The content of LHCII varies significantly depending on the light intensity under which the plants are grown. Typically, a low light grown plant may have 4-5 trimers per PSII core complex, whereas in high light this reduces to 1-2. The extra LHCII in low light plants appears to be present in membrane domains deficient in PSII core complexes. These LHCII domains can still be involved in efficient energy transfer, even transferring energy to pigments on opposite membranes in the grana.

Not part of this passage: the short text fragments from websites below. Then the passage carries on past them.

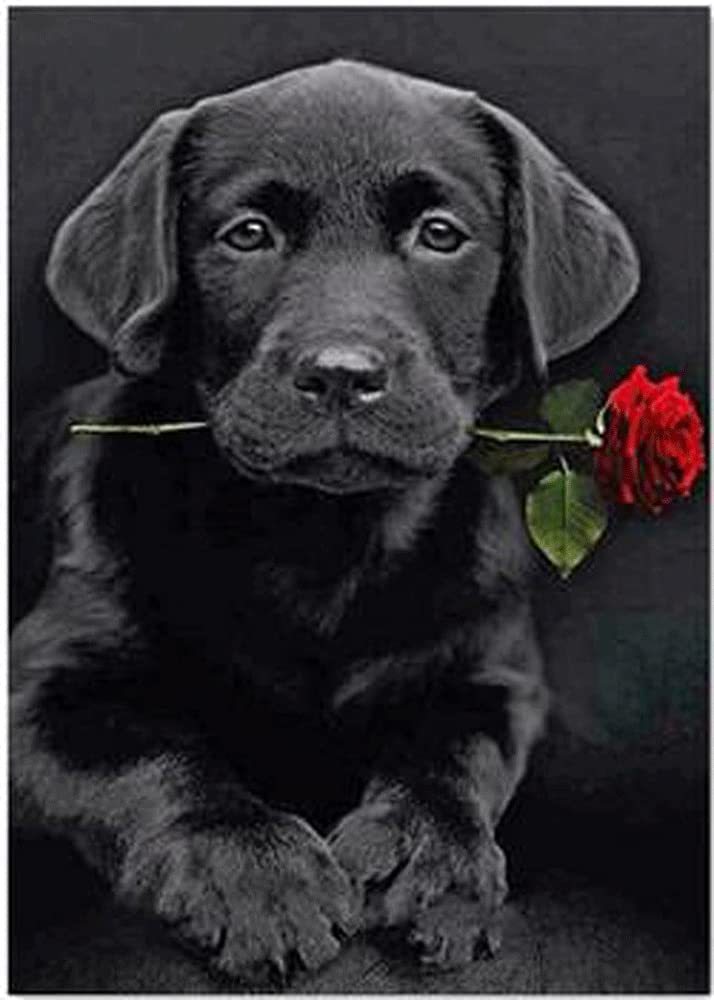 拉布拉多黑狗叼着一朵红色玫瑰花犬动物钻石画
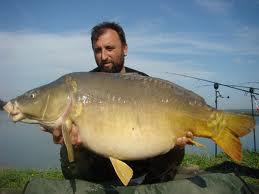 peste mare - fxgnr.jpg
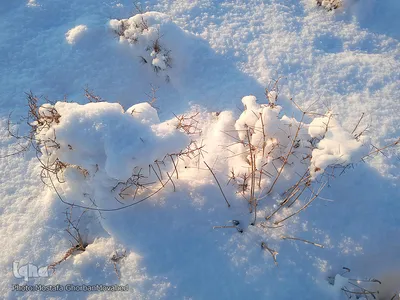 طبیعت زمستانی و روزهای سرد شهرستان اهر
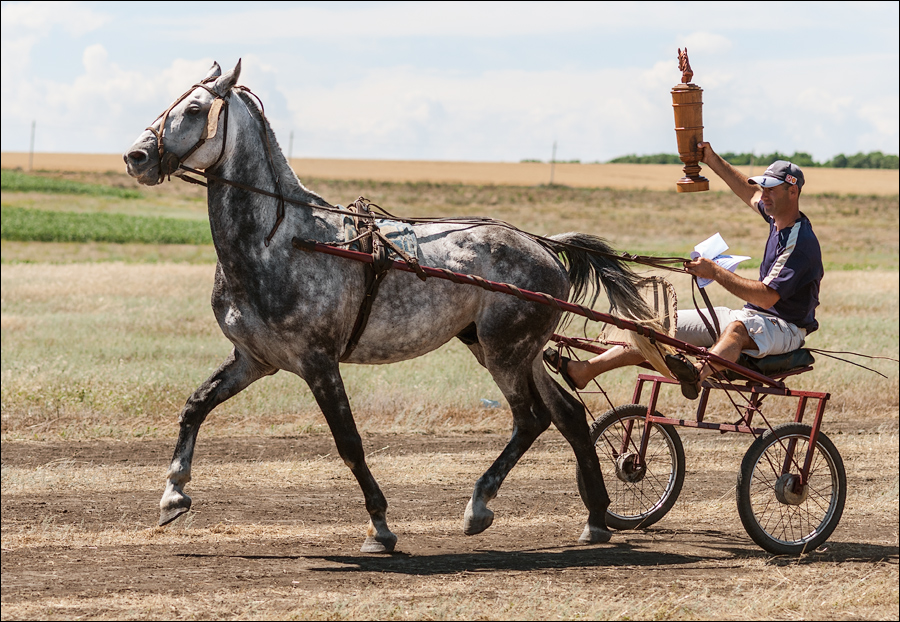 Tvardita 20150721212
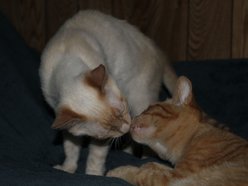 ManyCats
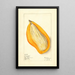 Mangifera indica Sandersha - Elsie E. Lower — quadro incorniciato alla parete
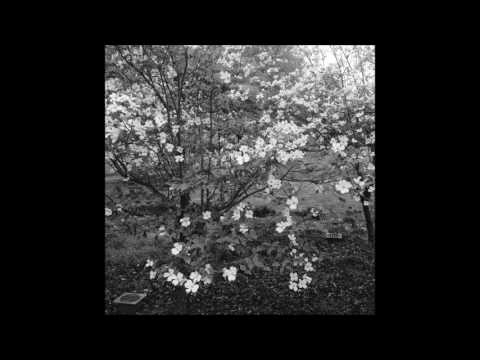 Cold Weather Gear - The Menzingers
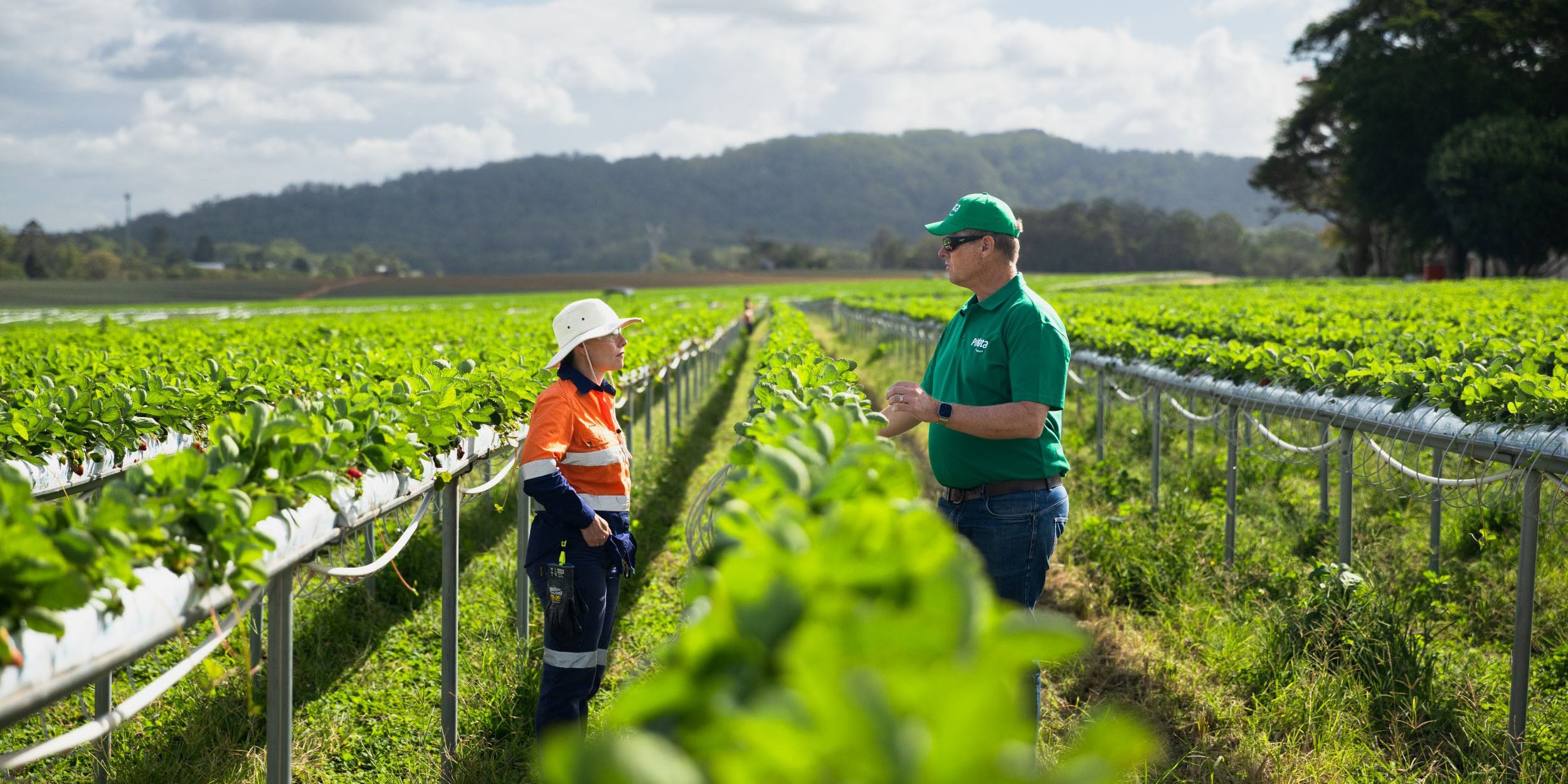Wamuran growers invited to connect to recycled water scheme.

The adjustment of the composition of photosystem II upon growth in high light compared to low light maintains the redox potential and DpH at the correct level, optimising photosynthesis and avoiding oxidative stress. At higher growth irradiance, when LHCII can not decrease any more, there are increases in the capacity for photoprotection (e.g. through an increase in xanthophyll cycle activity or PsbS content) and, eventually, decrease in the chlorophyll content of the leaf in order to lower light absorption. Even macroscopic events such chloroplast movements or changes in leaf orientation can be similarly viewed as contributing to the optimisation of light harvesting and counter-acting photodamage. Thus, plants do whatever they can, by a multitude of mechanisms, to limit the level of excitation energy in the PSII antenna, giving balance with the demands of photosynthesis, and optimising the redox state and ΔpH.